- Drop-seq 2.5.1
- R 4.1.3
- Pysam
- MASS
- nloptr
-
Step1_Drop_seq.py: utilize the Drop-seq computational pipeline (James Nemesh, McCarroll Lab, version 1.12; Macosko et al., 2015) to map the reads to the genome and tag the reads with cell barcode, UMI barcode and gene annotation in bam files. Next, we extracted intronic reads in bam file because the legacy Drop-seq computational pipeline (version 1.12) only consider exonic reads.
-
Step2_extract_alignment_info.sh: sam2tsv (https://github.com/lindenb/jvarkit/; version ec2c2364) is used to extract detailed alignment information from bam files and then T-to-C substitutions are identified in both experimental and control samples (without Timelapse chemical conversion reaction, as a control for background mutations).
-
Step3_substract_background_locus.sh: exclude the genomic sites with background T-to-C substitutions from the downstream analysis.
-
Step4_genetare_TC_matrix.sh: generate labeled and unlabeled gene expression matrix.

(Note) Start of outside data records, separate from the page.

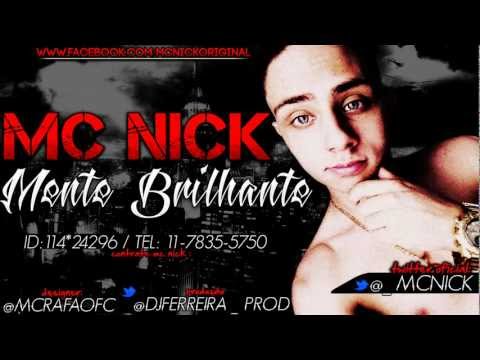 Mc Nick - Mente Brilhante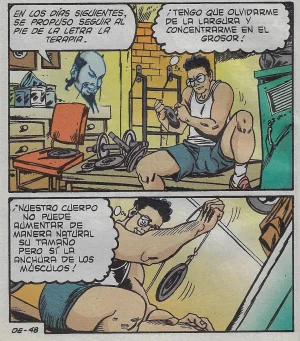 Delmonicos Erotika 161 - Page 49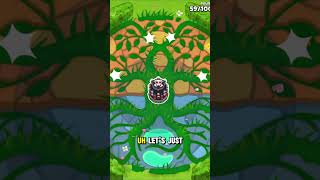 100x Speed CHIMPS Challenge with Ultimate Crosspathed Tack Shooter  Bloons TD 6 [upl. by Isadora910]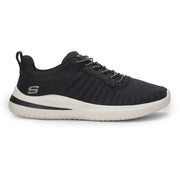 Skechers Delson 3 Men Round Toe Sneakers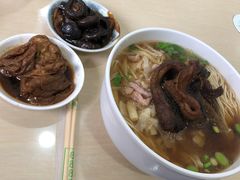 爆鳝面-老西白点心店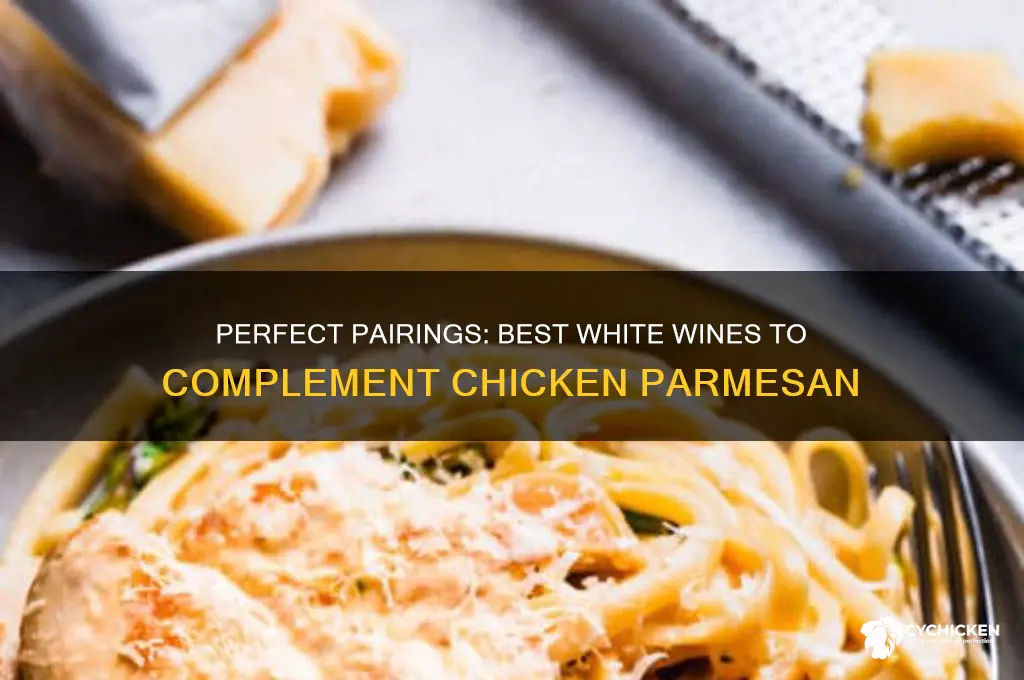 what white wine goes with chicken parmesan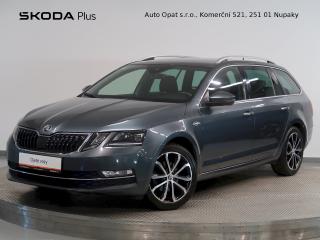 �koda Octavia L&K 1.5TSI 110KW DSG CANTON VI
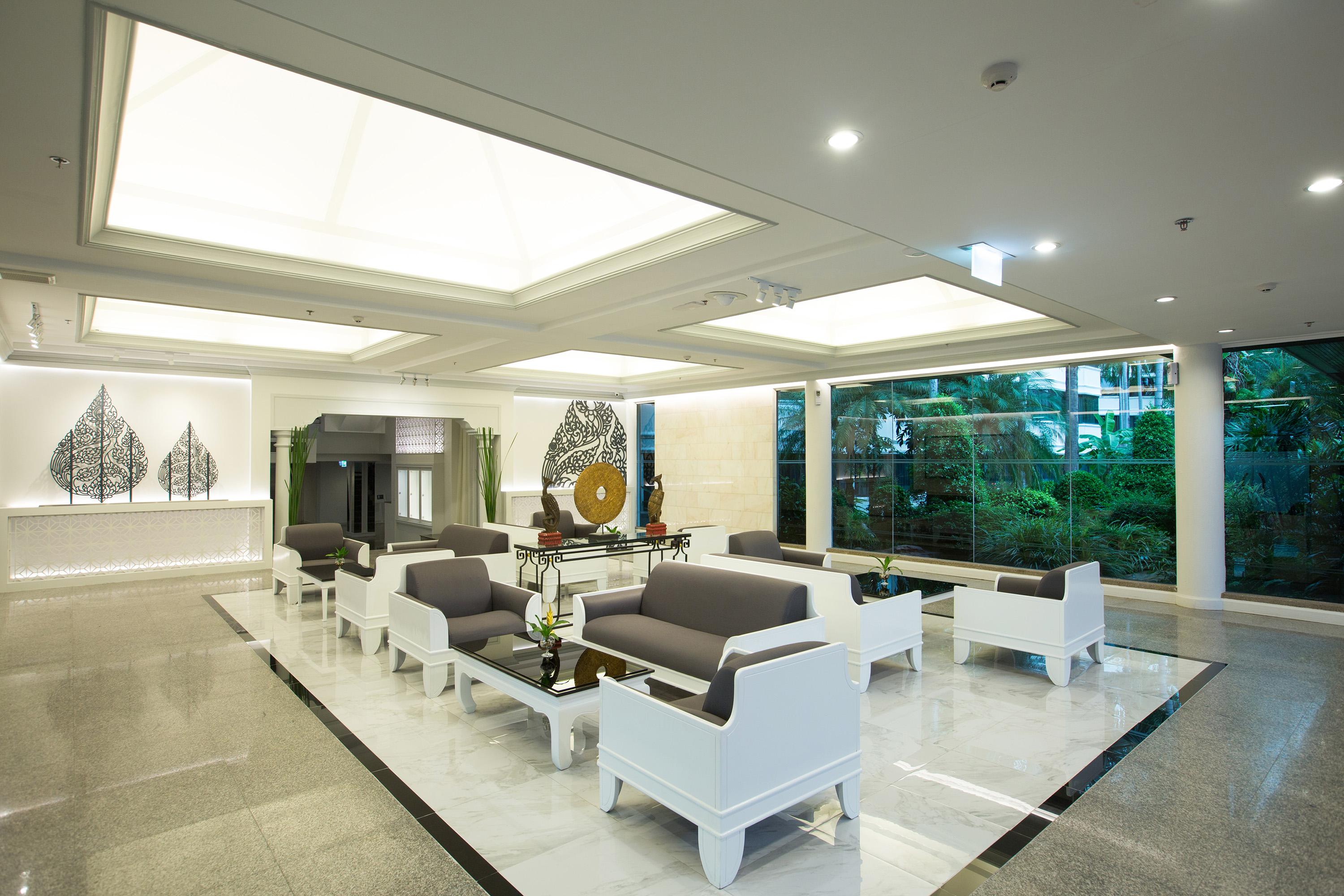 The Imperial Hotel & Convention Centre Phitsanulok Eksteriør bilde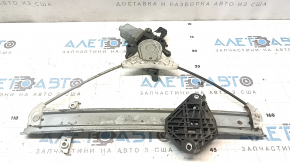 Стеклоподъемник с мотором задний правый Subaru Impreza WRX GH 08-14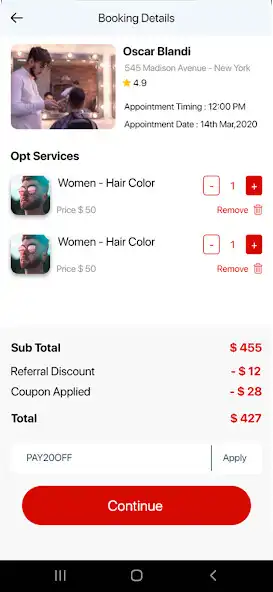 Play The Mobile Barber and enjoy The Mobile Barber with UptoPlay Play The Mobile Barber and enjoy The Mobile Barber with UptoPlay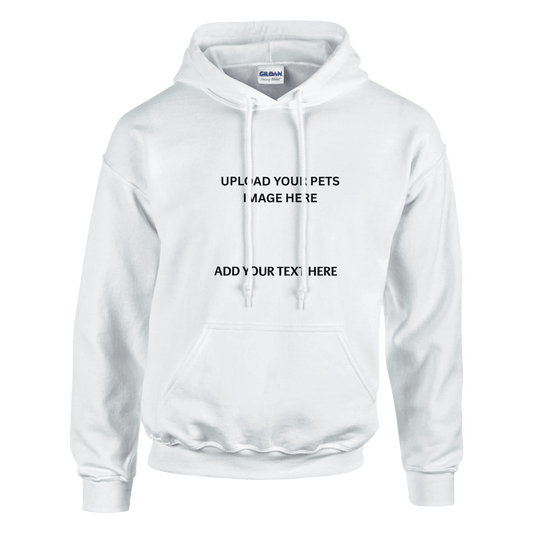 Personalised Pet Photo Hoodie - PetSelfie - Petselfie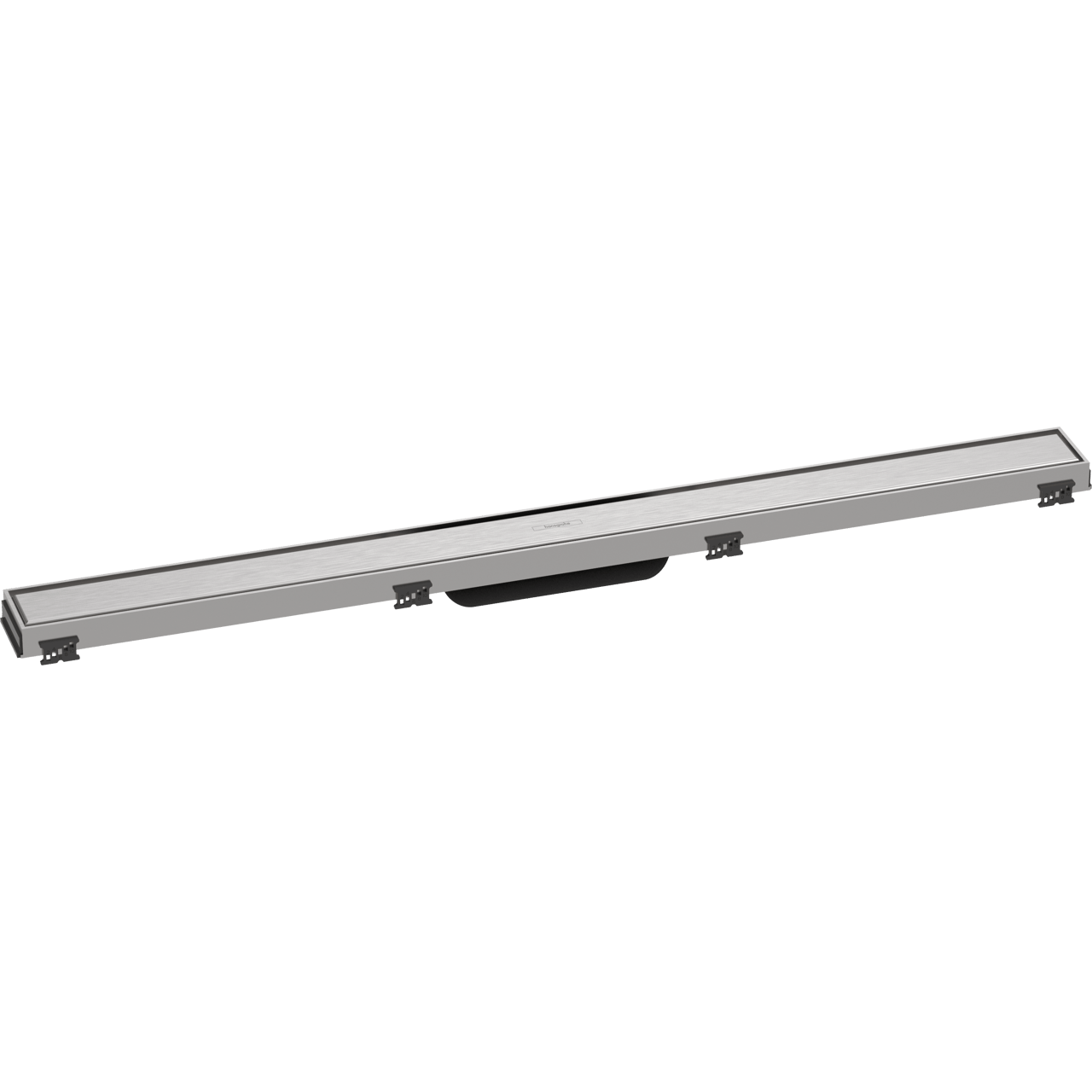 Hansgrohe RainDrain Match Fertigset Duschrinne 90cm RSV Look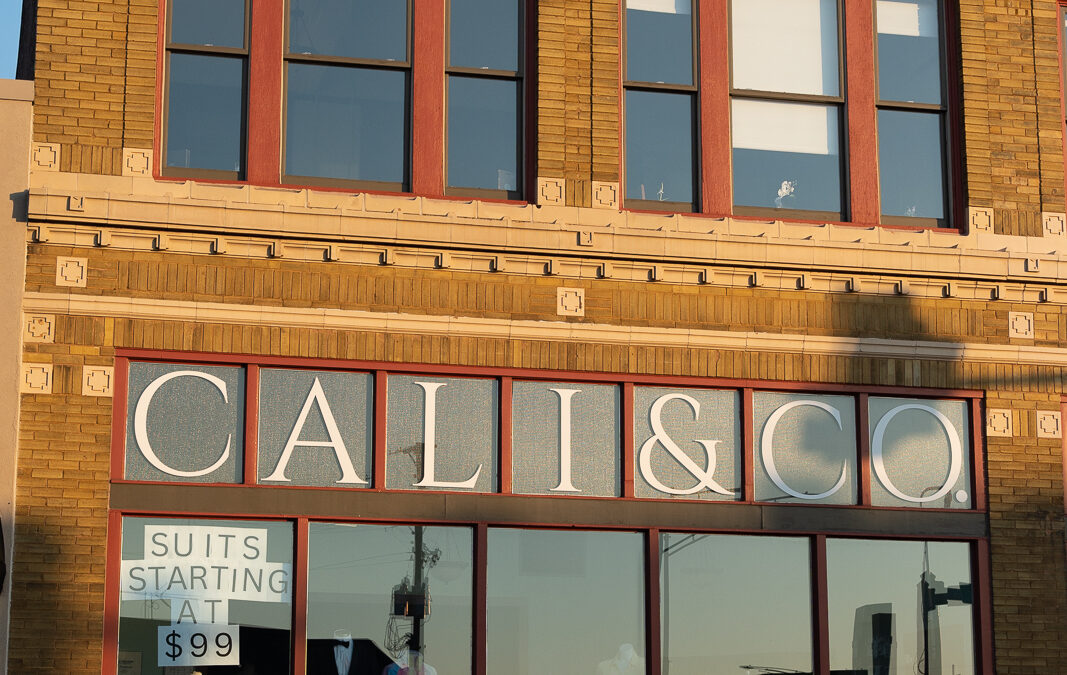 Cali & Co. By RFF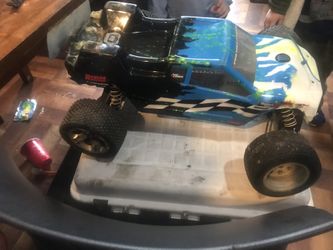 RC car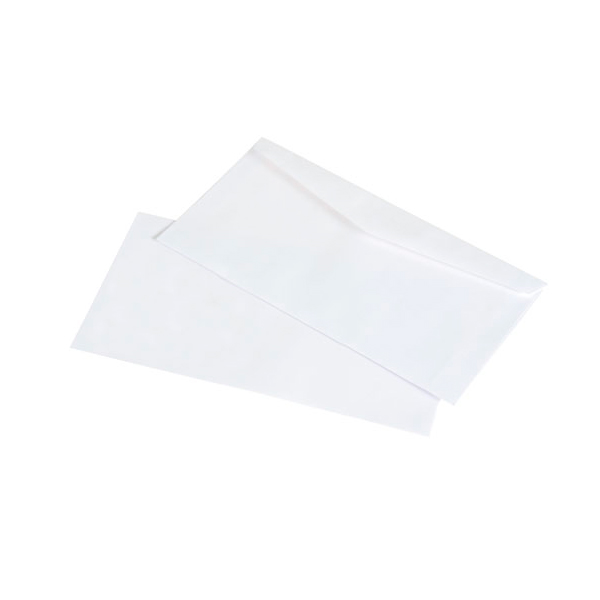 Sobre Oficio Inglés Congreso, 12 x 23.5cm. pack de 500 unidades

To address the insufficiency of metabolic RNA labeling, we adopted a statistic model to approximate the real distribution of T-to-C substitution in single cells and estimate the real mutation rate.
-
Raw data files are available at NCBI Gene Expression Omnibus (GEO) (https://www.ncbi.nlm.nih.gov/geo/query/acc.cgi?acc=GSE194357).
-
Simple demos can be found in
/Well-TEMP-Seq/data. 2500 entries are extracted from raw fastq files as demo. 400 cells are extracted to demostrate RNA velocity analysis.